Alex, il migliore della sua generazione, l'unico con un talento compositivo fuoriclasse, allora ha chiamato l'amico dalla voce identica: Miles Kane degli ancora "ignoti" The Rascals.
I due, coadiuvati dal solito James Ford, si sono fatti mettere a disposizione un'orchestra di 22 elementi, la London Metropolitan, e sotto la guida ispiratrice di Scott Walker hanno messo assieme 10 piccoli gioielli (12 per chi ama Richard Hawley).
Dei '60s "light-dramas" in cui l'orchestrazione riesce nel rarissimo obiettivo di rendere lieve ciò che solitamente trasforma in barocco.
Sentite My Mistakes Were Made For You.
Più che un side-project, un "gioco da ragazzi" in cui Ennio Morricone sembra dirigere i Coral per musicare 007.
Un album meraviglioso come la sua copertina.

Voto: 9/10



Citazione:
Deni di Frequenze Indipendenti

I mille dubbi nei riguardi di questo disco si sono infranti nell'aria tersa di un mattino di aprile accompagnato da un sole tiepido, spazzati via da "The Time Has Come Again" (brano che chiude l'album) e dalla sua commovente esecuzione acustica come foglie morte da un vento di primavera.
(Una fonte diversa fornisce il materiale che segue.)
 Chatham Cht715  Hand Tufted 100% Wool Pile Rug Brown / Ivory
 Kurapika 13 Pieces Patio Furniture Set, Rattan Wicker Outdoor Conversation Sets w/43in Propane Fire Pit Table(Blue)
Un inchino profondo va, innanzitutto, al Sig. Owen Pallett, che dirige le sinfonie della London Metropolitan Orchestra facendo trasparire un'attitudine comune solo ai grandi maestri del passato: Bacharach, Morricone, John Barry ("My Mistakes Were Made For You" sembra confezionata per un "James Bond" anni sessanta). Fossi in lui farei un pensierino alla carriera di compositore.
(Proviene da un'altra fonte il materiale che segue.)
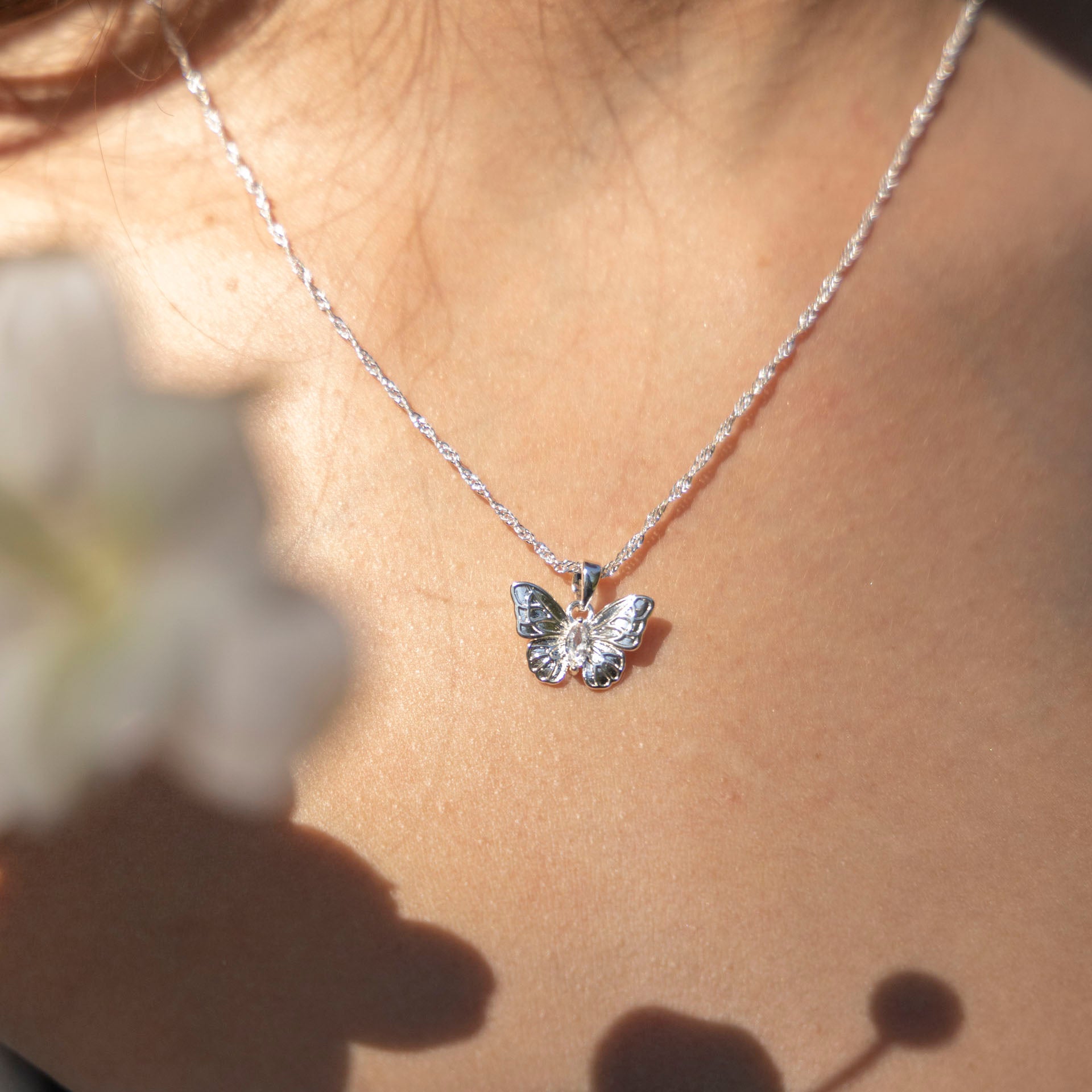 Pure Elegance Classic Butterfly Necklace with Diamanté Detail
Sono gli arrangiamenti la chiave di volta di questo ottimo disco, non solo quelli orchestrali già accennati, ma soprattutto quelli vocali di Alex Turner e Miles Kane, due giovanotti dalla voce e dalle attitudini musicali molto simili, che riescono a giocare con le proprie ugole con perfette e studiate eufonie (cori di quarta,etc.).
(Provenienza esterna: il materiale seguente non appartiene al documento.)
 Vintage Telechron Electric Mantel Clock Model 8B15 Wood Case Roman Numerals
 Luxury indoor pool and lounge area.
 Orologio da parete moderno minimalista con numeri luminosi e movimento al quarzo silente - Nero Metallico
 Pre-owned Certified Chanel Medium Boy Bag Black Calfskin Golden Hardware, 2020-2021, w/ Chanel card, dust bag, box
Chi l'avrebbe mai detto. James Ford in tutto questo dimostra di essere un groovy drummer coi fiocchi (ma chi aveva ascoltato gli ormai sciolti Simian lo sapeva già) e un produttore ad hoc anche al di fuori dei confini elettronici che sino ad ora gli avevano regalato credibilità. "The Age of Understatement" è infatti una corsa negli ampi territori country/folk/pop cari ai sixties, fra i luminosi percorsi tracciati da Bacharach e Hazelwood, con richiami orchestrali ed escursioni nel folkish soul tipiche dello Scott Walker a cavallo fra "Scott 3" e "Scott 4", due album (là in cima, intoccabili) che tutt'oggi continuano a reclutare adepti e a sciogliere i loro cuori. Ed è questo ciò che faranno i Last Shadow Puppets (a dispetto del loro poco romantico nome): vi terranno incollati alle vostre cuffie fino a quando con "Meeting Place" e la già citata "The Time has come Again" scioglieranno i vostri cuori.
Alex Turner si stacca, ineccepibilmente e con un sorriso sulla bocca, dalla "normalità" della scena inglese contemporanea dimostrando ai suoi coetanei (e, a dir proprio la verità, non solo a quelli) cosa significhi avere stoffa. E' indubbio, a questo punto, che la promessa fatta qualche anno fa con i primi acerbi lavori targati Arctic Monkeys, si sia trasformata in certezza, sublimata da un credibile spessore autoriale e da un evidente talento.